The White House has said that Trump, in his meeting with Putin, will raise the issues of Russia’s election meddling and its destabilizing behavior in the Ukraine. But these diplomatic sources say there’s now an expectation that Trump will be perfunctory about it, acting because of political pressure, and little development is expected on either topic.

And even as Trump deployed a more reasonable tone in private meetings, analysts and NATO experts worried about the damage his displays are doing to the alliance.

Barry Pavel, a senior vice president at the Atlantic Council, said the alliance “is built on trust and is built on values,” The amount and level of emotion heard from foreign leaders in reaction to Trump “was not a good sign,” he said.

Speaking of the President’s behavior, Pavel said, “I worry that it is in some way tearing at the fabric … of the transatlantic bonds.”

Trump raged through the meeting publicly dismissing allies as “delinquent” in their defense spending, charging that Germany is “captive” to Russia and questioning the very point of the North Atlantic Treaty Organization, widely seen as the world’s most successful security alliance, with a tweet saying, in part, “what good is NATO?”

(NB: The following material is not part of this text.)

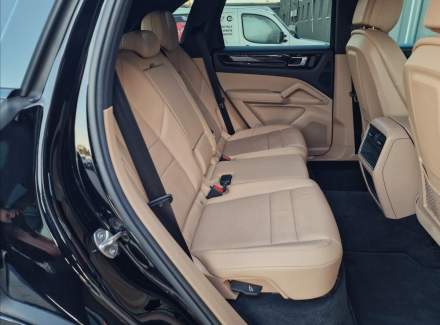 Porsche - Cayenne
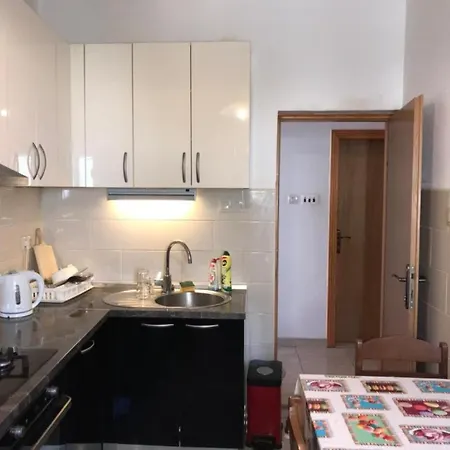 2 - Double With Shared Bathroom 1 - 4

Behind closed doors, Trump was more measured and businesslike, though he still projected impatience and urgency, according to two senior Western diplomats who didn’t want to be identified to discuss internal conversations.

These sources say Trump “pulled his punches” when he went into the plenary session with NATO leaders. Trump did mention his goal of NATO countries contributing more, but made no threats and was actually quite calm. The feeling among allies being “that could have been a lot worse.”

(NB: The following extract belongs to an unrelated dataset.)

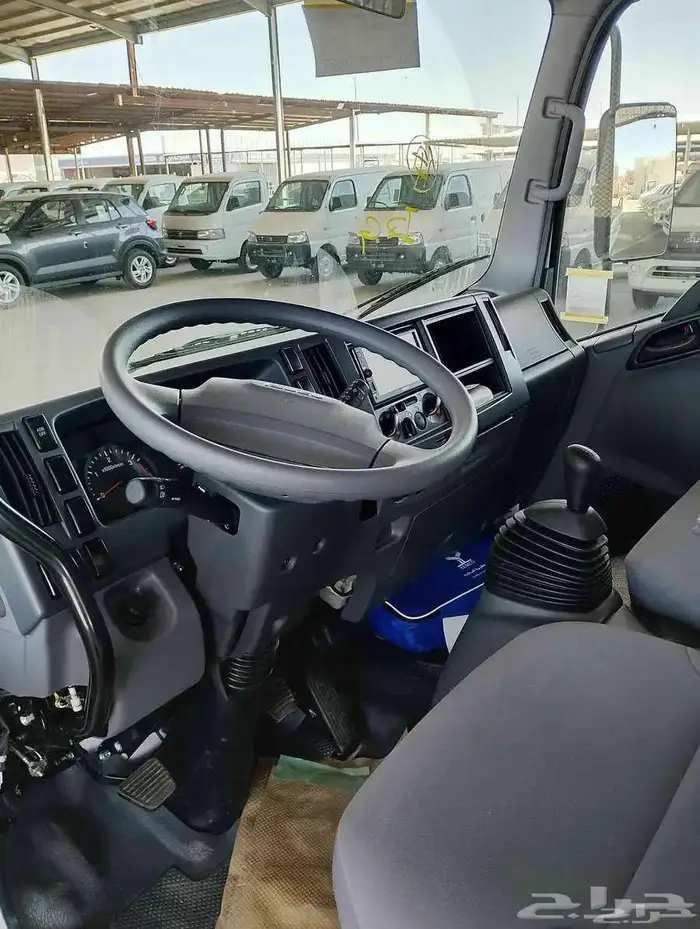 ايسوزو قلاب 3 طن 2025 2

And while they characterized Trump’s bilateral meeting with German Chancellor Angela Merkel as “nice” and focused on “the great relationship” the US and Germany share, these sources said Merkel was “furious” after Trump had slammed Germany in his public comments earlier in the day, suggesting it was under Moscow’s influence because it imports energy from Russia.

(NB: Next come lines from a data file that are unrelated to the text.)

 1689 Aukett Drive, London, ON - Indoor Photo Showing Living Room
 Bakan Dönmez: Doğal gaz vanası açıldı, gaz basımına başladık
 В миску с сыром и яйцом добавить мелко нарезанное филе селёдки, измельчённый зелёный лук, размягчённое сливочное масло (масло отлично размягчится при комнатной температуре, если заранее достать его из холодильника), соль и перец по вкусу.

“Germany is not North Korea, so the same tactics the Trump administration used on North Korea should not be applied to the closest allies of the United States,” Pavel said. “The US leads in the world by the power of attraction, not by the power of coercion.”

A senior NATO official said the private discussions on burden sharing between Trump and the other leaders was “tough on both sides,” as the alliance members rejected Trump’s call for countries to spend 4% of GDP on defense spending, a significant jump from the current 2% guideline. The official referred to Trump’s suggestion as a “throw away remark.”

This official, as other leaders and sources have said, reiterated that NATO recommitted itself to the 2% goal laid out in 2014.

‘Frustration’

Trump used “up front, blunt language” and projected “a sense of urgency” and “frustration,” this official said. But the other leaders pushed back on Trump during the discussion in what was a “heated” and “unscripted” exchange.

This official said NATO leaders were encouraged by Trump’s more supportive comments about the alliance at his news conference, where he said he believes in NATO. And the official noted that other NATO leaders are getting “used to this,” when it comes to Trump’s fiery rhetoric.

NATO Secretary General Jens Stoltenberg told CNN that everyone agrees on the core issue of increasing defense spending and distinguished that issue from “messaging” about it.

“When it comes to the substance, we all agree that we have to do more,” Stoltenberg said Wednesday. “And therefore, I try to distinguish what is different language and messaging and what is disagreement on the core task.”